Ils ne semblent pas éprouver la moindre gêne, leur demande leur paraît même aller pour ainsi dire de soi: «donne-nous de siéger, l’un à ta droite et l’autre à ta gauche, dans ta gloire». Jésus ne leur avait-t-il pas annoncé à plusieurs reprises la venue d’un Royaume dont il était les prémices. Qui dit royaume dit aussi roi, et donc trône, et donc pouvoir et… gloire. Rien de plus logique et de plus naturel que d’espérer être associé à la gloire du Maître. Si difficile que soit le chemin actuel, le jour du triomphe viendra et le disciple se sent légitimer à espérer être associé à ce glorieux aboutissement.

L’attrait du pouvoir n’a rien perdu de sa fascination.

«Siéger» souhaitent les disciples, «plonger» leur répond Jésus! Il ne nie pas que viendra le jour de la gloire et du triomphe. Mais pour y avoir part, il s’agit d’inscrire l’aujourd’hui du disciple dans l’axe de l’agir du Maître. Au lieu de siéger, ou plutôt pour être en mesure de le faire un jour en présence du Seigneur, il faut aujourd’hui accepter de plonger avec lui au cœur du monde tel qu’il est, y compris dans sa face obscure de violence et de refus de la lumière. Au lieu du trône, Jésus propose l’image de la coupe (la destinée) et du baptême (plongée dans les eaux qui peuvent aussi bien être vie que mort). Il leur annonce même qu’ils seront bientôt associés à sa destinée, ils seront rejetés comme lui, persécutés parfois: le disciple n’est pas au-dessus du Maître.

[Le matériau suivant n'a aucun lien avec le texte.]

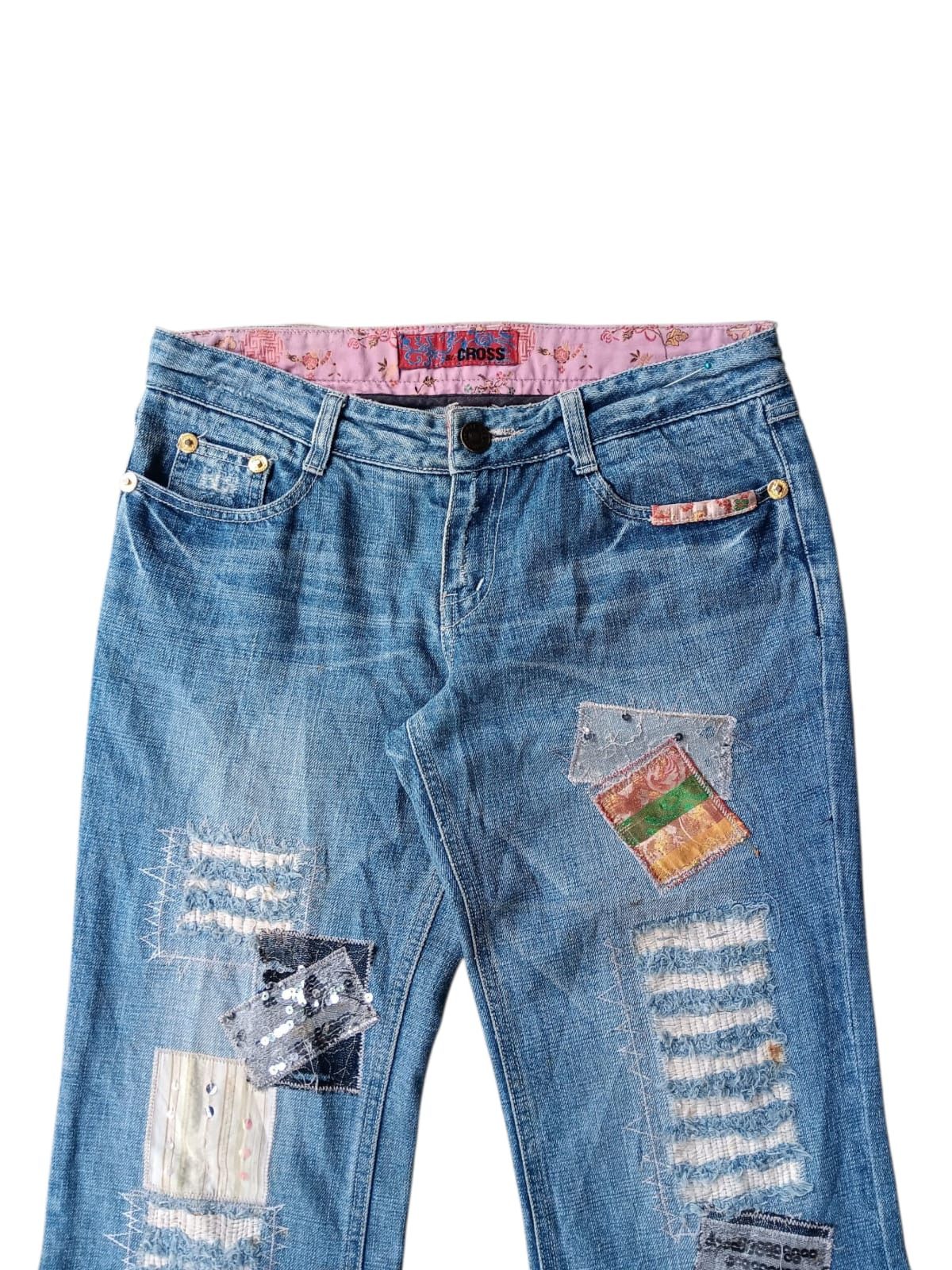 Japanese Brand Vintage St.cross patch work flare denim pants Size US 31 - 4 Thumbnail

En un mot: la meilleure manière de préparer «l’après» est encore de vivre fidèlement «l’ici et maintenant» en tension pour ne pas dire en contradiction avec l’esprit du monde. En particulier en ce qui touche au pouvoir. Jésus en appelle très concrètement à leur expérience et à la nôtre: «vous le savez, les chefs des nations commandent en maîtres et font sentir leur pouvoir».

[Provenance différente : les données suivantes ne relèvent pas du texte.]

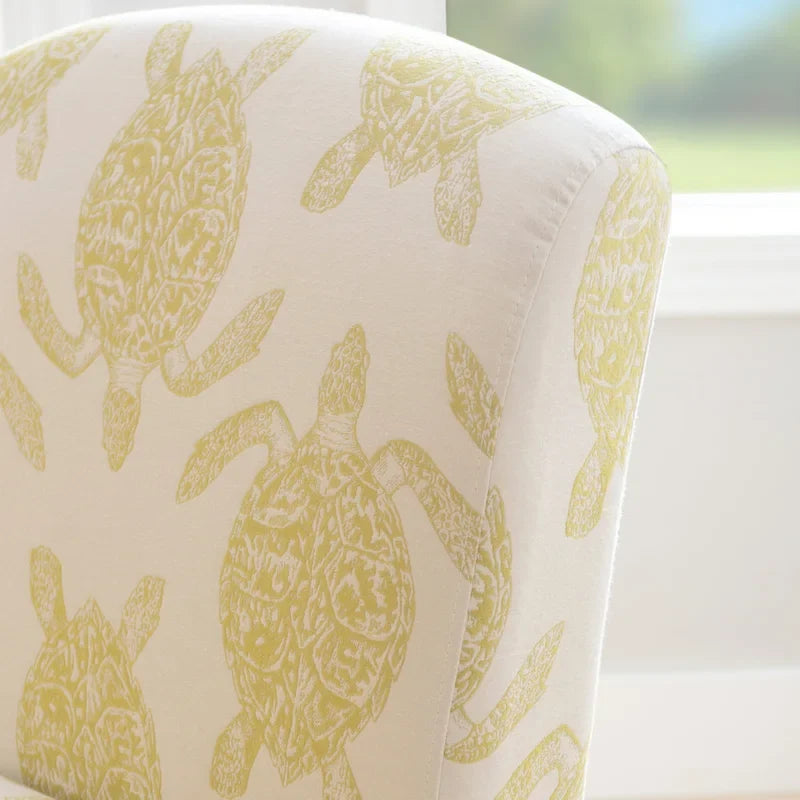 Terrapin Upholstered Turtle Pattern Accent Chair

L’expérience est commune et même si l’environnement sociologique de ce début de XXIe siècle est très différent des années 30 du Ier siècle de notre ère, l’âme humaine est bien la même, et l’attrait du pouvoir n’a rien perdu de sa fascination. On se bouscule pour le conquérir, on se hausse pour l’exercer, on élimine pour le garder. Alors que le Fils de l’Homme est venu pour servir et donner sa vie, appelant ses disciples à cette même logique qui, au vu du monde tel qu’il est et tel qu’il va, a quelque chose de révolutionnaire, d’une révolution «évangélique».

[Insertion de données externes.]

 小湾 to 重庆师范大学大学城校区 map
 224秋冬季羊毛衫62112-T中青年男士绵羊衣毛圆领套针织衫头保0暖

Jean-Michel Poffet | Vendredi 19 octobre 2018


«Le Fils de l’homme est venu donner sa vie en rançon pour la multitude» (Mc 10,35-45)

En ce temps-là,
Jacques et Jean, les fils de Zébédée,
s’approchent de Jésus et lui disent:
«Maître, ce que nous allons te demander,
nous voudrions que tu le fasses pour nous.»
Il leur dit:
«Que voulez-vous que je fasse pour vous?»
Ils lui répondirent:
«Donne-nous de siéger,
l’un à ta droite et l’autre à ta gauche,
dans ta gloire.»
Jésus leur dit:
«Vous ne savez pas ce que vous demandez.
Pouvez-vous boire la coupe que je vais boire,
être baptisés du baptême dans lequel je vais être plongé?»
Ils lui dirent:
«Nous le pouvons.»
Jésus leur dit:
«La coupe que je vais boire, vous la boirez;
et vous serez baptisés du baptême dans lequel je vais être plongé.
Quant à siéger à ma droite ou à ma gauche,
ce n’est pas à moi de l’accorder;
il y a ceux pour qui cela est préparé.»

Les dix autres, qui avaient entendu,
se mirent à s’indigner contre Jacques et Jean.
Jésus les appela et leur dit:
«Vous le savez:
ceux que l’on regarde comme chefs des nations
les commandent en maîtres;
les grands leur font sentir leur pouvoir.
Parmi vous, il ne doit pas en être ainsi.
Celui qui veut devenir grand parmi vous
sera votre serviteur.
Celui qui veut être parmi vous le premier
sera l’esclave de tous:
car le Fils de l’homme n’est pas venu pour être servi,
mais pour servir,
et donner sa vie en rançon pour la multitude.»